• EXERCISE:
Your job is to set down the stretch of entries that opens with the line containing "The most dangerous" and closes with the line containing "La Virgen de la". Keep both end lines, copy each exactly, and add nothing.

*** DATA UNDER STUDY Section Begins ***

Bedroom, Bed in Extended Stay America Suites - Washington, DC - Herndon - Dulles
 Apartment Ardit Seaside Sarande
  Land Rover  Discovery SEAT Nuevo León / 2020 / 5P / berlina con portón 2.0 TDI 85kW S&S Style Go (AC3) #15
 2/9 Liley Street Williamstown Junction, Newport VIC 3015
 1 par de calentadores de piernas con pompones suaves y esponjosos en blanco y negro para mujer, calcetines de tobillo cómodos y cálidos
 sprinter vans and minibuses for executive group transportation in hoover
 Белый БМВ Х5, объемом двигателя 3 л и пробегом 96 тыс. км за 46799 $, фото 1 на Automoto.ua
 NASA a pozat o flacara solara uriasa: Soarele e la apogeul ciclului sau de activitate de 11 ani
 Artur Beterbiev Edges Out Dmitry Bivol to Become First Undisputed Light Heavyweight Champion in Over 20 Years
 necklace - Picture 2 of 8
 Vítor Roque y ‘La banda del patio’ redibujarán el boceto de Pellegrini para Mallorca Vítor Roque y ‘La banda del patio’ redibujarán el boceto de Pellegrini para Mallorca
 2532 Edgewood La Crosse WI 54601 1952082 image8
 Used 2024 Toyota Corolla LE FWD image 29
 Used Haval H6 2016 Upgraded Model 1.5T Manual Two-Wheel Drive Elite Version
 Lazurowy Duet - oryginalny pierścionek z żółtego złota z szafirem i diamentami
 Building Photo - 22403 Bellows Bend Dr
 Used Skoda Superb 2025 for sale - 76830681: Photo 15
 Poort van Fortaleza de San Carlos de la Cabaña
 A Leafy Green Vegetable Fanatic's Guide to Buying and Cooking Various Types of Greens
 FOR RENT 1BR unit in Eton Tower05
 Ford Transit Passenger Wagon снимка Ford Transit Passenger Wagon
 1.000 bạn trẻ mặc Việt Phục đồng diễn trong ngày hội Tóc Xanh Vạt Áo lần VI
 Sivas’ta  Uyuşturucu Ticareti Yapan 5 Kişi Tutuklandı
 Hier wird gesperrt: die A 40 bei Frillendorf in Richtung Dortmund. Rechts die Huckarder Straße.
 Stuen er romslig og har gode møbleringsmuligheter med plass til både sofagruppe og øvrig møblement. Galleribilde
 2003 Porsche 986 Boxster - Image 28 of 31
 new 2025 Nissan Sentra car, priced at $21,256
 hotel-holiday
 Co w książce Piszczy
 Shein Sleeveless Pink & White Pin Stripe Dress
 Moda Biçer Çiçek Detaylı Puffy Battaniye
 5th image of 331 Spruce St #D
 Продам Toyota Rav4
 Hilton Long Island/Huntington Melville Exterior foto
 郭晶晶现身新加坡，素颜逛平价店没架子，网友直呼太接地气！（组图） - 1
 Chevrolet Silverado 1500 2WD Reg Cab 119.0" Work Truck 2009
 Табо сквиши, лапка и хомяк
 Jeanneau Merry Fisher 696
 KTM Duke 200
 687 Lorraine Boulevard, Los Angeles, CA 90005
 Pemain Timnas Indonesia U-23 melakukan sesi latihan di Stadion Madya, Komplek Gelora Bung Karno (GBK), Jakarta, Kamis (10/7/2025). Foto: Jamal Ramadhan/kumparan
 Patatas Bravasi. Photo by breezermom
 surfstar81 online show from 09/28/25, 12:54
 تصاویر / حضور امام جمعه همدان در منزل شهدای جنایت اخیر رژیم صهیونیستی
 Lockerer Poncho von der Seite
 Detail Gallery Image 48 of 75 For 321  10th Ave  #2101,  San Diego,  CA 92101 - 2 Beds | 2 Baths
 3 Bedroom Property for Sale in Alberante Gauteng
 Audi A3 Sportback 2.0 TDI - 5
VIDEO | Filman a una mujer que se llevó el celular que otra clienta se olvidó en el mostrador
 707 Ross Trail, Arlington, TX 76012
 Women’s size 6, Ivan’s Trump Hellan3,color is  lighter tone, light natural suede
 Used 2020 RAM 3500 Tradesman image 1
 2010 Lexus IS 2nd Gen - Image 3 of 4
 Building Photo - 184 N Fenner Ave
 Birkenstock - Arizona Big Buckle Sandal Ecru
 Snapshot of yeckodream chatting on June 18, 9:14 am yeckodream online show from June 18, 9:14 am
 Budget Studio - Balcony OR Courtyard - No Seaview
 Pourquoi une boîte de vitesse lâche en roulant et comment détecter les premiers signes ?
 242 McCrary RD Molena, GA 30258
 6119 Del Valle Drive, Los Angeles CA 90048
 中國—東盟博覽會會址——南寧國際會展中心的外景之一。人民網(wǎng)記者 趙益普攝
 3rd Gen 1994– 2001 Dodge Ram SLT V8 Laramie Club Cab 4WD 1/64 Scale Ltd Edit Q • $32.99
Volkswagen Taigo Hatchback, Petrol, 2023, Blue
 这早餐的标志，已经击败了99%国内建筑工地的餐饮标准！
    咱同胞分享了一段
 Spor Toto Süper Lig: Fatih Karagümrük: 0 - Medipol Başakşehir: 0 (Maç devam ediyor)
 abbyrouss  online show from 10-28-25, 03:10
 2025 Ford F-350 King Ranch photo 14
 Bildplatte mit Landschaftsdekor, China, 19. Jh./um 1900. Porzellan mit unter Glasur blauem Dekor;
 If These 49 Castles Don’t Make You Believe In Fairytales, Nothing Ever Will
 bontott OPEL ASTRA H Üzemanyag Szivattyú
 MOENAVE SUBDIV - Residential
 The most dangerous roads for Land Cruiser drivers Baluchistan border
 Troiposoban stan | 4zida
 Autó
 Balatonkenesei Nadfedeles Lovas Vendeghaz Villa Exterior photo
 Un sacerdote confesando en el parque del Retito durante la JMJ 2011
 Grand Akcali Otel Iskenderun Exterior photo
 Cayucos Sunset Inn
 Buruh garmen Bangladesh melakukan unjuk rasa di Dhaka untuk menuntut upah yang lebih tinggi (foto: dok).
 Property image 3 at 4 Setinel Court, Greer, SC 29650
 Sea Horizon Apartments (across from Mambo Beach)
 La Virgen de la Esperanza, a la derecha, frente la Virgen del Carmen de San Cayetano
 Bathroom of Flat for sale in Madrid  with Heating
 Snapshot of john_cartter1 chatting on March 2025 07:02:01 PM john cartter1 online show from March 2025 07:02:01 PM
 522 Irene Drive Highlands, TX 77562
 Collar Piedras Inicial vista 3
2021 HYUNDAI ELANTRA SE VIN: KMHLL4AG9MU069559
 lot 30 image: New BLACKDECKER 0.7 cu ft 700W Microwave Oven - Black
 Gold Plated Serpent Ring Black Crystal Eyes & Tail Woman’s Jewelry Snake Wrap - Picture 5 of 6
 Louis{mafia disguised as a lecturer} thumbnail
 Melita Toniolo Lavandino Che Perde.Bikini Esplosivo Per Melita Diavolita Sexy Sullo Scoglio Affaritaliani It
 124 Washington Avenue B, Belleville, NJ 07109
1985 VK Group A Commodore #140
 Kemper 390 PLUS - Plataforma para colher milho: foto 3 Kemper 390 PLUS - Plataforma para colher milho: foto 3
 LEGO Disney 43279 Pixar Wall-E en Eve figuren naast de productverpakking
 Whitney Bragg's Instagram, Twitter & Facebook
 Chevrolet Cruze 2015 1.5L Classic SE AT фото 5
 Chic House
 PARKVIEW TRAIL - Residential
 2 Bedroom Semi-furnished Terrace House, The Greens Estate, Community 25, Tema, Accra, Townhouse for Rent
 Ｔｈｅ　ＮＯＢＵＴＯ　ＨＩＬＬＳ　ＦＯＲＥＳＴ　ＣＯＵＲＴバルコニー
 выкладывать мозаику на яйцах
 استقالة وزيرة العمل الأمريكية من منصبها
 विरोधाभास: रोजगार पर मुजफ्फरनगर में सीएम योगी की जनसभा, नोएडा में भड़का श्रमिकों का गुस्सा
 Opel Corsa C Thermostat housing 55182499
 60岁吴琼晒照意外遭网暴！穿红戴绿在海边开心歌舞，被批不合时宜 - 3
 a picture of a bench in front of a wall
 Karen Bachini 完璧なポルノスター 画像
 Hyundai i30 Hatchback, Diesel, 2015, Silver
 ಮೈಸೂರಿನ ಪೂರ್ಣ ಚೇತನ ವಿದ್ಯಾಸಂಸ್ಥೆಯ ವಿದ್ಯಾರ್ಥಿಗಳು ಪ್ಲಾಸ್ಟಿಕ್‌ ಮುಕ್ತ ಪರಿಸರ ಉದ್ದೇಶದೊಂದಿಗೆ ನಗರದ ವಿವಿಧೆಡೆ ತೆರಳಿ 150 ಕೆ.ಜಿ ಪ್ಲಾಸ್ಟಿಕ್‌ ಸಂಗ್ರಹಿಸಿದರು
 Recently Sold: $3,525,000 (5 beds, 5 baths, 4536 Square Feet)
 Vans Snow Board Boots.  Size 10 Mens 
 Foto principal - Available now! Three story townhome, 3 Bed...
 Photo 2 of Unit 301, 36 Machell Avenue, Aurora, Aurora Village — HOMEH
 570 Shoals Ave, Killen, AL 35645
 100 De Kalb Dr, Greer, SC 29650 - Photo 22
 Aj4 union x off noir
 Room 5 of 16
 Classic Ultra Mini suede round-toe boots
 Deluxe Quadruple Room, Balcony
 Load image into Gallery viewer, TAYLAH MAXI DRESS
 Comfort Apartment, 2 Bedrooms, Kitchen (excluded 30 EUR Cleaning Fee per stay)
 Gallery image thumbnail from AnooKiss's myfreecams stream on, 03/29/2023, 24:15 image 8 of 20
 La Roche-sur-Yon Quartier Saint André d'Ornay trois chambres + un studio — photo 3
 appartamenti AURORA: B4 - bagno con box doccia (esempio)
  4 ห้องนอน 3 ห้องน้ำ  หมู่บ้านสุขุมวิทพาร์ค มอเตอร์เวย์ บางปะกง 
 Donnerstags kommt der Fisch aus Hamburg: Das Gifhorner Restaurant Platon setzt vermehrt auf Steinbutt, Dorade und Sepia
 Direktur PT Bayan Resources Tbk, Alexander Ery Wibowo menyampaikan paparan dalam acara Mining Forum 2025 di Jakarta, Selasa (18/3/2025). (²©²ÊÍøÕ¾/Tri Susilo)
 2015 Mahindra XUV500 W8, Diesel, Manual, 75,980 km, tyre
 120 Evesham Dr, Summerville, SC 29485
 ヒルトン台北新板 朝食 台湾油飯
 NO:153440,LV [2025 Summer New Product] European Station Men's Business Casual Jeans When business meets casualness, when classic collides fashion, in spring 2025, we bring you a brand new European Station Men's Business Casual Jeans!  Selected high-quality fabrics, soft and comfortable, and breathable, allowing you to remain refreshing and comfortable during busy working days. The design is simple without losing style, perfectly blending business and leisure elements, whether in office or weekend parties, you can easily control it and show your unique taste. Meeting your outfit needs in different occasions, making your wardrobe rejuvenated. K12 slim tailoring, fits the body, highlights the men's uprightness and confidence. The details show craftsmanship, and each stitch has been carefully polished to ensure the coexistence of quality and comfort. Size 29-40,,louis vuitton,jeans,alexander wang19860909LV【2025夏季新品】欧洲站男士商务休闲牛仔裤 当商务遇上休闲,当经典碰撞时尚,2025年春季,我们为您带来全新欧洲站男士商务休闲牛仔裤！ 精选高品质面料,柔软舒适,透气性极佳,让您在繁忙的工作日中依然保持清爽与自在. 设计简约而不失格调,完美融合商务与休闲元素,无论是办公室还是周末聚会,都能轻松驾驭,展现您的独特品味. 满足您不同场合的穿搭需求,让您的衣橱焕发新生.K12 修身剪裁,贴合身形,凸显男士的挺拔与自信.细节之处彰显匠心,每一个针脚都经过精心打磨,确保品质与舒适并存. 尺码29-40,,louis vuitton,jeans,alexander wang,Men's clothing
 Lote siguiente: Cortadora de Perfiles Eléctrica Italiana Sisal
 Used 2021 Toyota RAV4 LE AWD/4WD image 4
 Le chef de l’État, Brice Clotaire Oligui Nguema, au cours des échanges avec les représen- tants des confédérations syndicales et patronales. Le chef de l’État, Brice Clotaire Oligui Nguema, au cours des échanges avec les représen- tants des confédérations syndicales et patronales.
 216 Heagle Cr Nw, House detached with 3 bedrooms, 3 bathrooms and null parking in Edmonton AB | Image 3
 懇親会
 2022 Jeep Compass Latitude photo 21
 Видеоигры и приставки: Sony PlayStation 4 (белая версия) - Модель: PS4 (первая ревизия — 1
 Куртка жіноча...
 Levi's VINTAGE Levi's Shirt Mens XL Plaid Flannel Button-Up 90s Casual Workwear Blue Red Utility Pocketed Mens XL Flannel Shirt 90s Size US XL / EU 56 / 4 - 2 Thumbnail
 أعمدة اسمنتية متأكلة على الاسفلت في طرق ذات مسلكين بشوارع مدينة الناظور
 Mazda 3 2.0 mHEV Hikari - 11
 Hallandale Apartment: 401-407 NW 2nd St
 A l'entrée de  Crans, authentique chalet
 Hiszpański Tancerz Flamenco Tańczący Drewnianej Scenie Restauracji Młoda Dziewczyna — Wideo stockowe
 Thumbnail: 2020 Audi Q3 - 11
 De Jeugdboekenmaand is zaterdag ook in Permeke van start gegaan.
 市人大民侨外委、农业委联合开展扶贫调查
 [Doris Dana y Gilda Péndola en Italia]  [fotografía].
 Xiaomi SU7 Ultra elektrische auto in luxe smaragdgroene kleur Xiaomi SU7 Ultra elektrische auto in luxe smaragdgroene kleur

*** DATA UNDER STUDY Section Ends ***

• THE ANSWER:
 The most dangerous roads for Land Cruiser drivers Baluchistan border
 Troiposoban stan | 4zida
 Autó
 Balatonkenesei Nadfedeles Lovas Vendeghaz Villa Exterior photo
 Un sacerdote confesando en el parque del Retito durante la JMJ 2011
 Grand Akcali Otel Iskenderun Exterior photo
 Cayucos Sunset Inn
 Buruh garmen Bangladesh melakukan unjuk rasa di Dhaka untuk menuntut upah yang lebih tinggi (foto: dok).
 Property image 3 at 4 Setinel Court, Greer, SC 29650
 Sea Horizon Apartments (across from Mambo Beach)
 La Virgen de la Esperanza, a la derecha, frente la Virgen del Carmen de San Cayetano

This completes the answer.